What intrigued me was the context in which these references are found. Leaving aside the two mentions in the dietary code in Leviticus and Deuteronomy (for reference, ostriches are not to be eaten, so I am already in trouble as I like an ostrich burger), the other eight references are in Job (two), Isaiah (three), Jeremiah, Lamentations and Micah. In all these cases, ostriches are portrayed as slightly sinister creatures. They are found in the company of jackals and hyenas, as scavengers and signs of desolation in abandoned places.

There doesn’t seem to be much in the way of scholarly literature on ostriches in the Biblical world, or indeed the ancient world in general, so I remain unenlightened about why this might be so. But it is clear that there was a very different perception of ostriches in ancient times. Our metaphors revolve around them burying their heads in the sand, being large and slightly stupid birds trying to hide. In the Old Testament, their association with jackals and hyenas indicates that people’s understanding was very different.

What struck me was that although animals might seem quite a banal Biblical topic, the example of the ostrich shows how much we might fail to understand when we project our world view and ideas back into the Biblical world. Because we are so familiar with so much of the language, we tend to overlook what it might tell us.
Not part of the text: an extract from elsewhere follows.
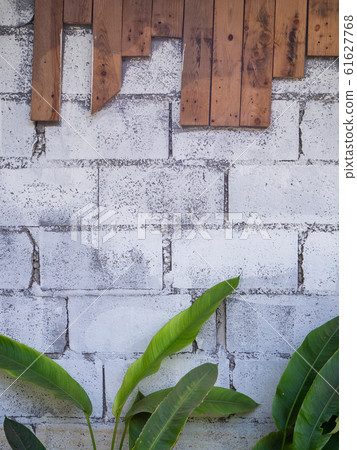 The Green leaves on the white brick wall background 61627768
Today, for example, lions are found no further north than Ethiopia, some way south of the Biblical world. However, there are 190 mentions of lions and lionesses in the Bible, a reminder that in ancient times, these big cats had a far wider distribution and were common enough in the Near East to feature frequently in Biblical imagery. Some well-known phrases come from the Bible, but in unfamiliar contexts; we talk about a leopard changing its spots, but the full passage from Jeremiah 13:23 is rather uncomfortable today.
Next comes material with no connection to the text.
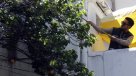 El plan en Las Condes para controlar presencia de la mosca de la fruta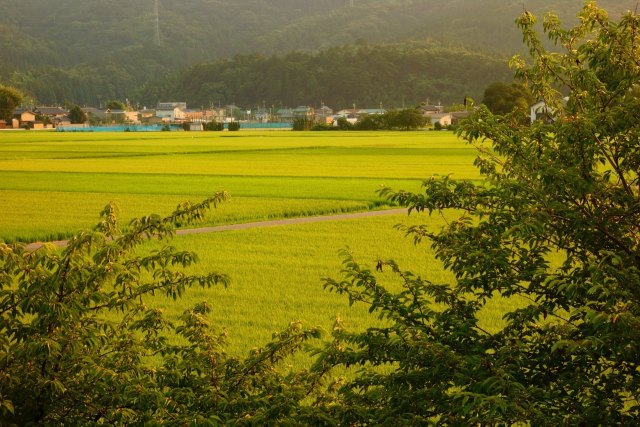 江上の夕暮れ時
Look at Leviticus 11 and see if you can actually identify all the animals you can and cannot eat (good luck with the rock badger), or imagine why anyone might ever even consider eating a hoopoe or a bat. This is a world which is at once familiar yet subtly different.
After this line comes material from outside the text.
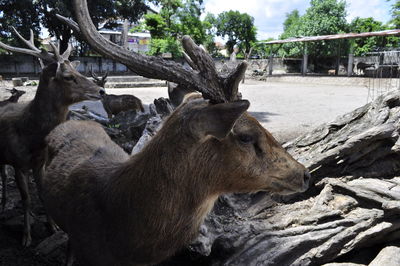Java deer in indonesia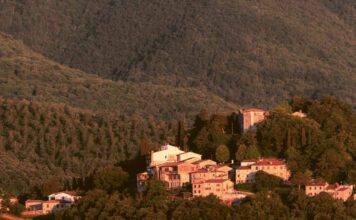 Caprese Michelangelo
These humble animals therefore serve as a reminder of how carefully we need to engage with the Bible when we read it. However familiar we may think we are with the text, we can always find new things or passages which suddenly strike us in a different way. We have to try to clear away our presuppositions and cultural biases, to find a way into a world which was fundamentally different.

If we take everything at face value, ignore the differences and try to simply apply 2,500-year-old words to today, then we are treating the Bible as nothing more than a dead text or historical curiosity.

But if we really read with it, engage with it and look beneath its words into that other world, then perhaps we are beginning to let God speak to us through it and show us what it can mean to us today.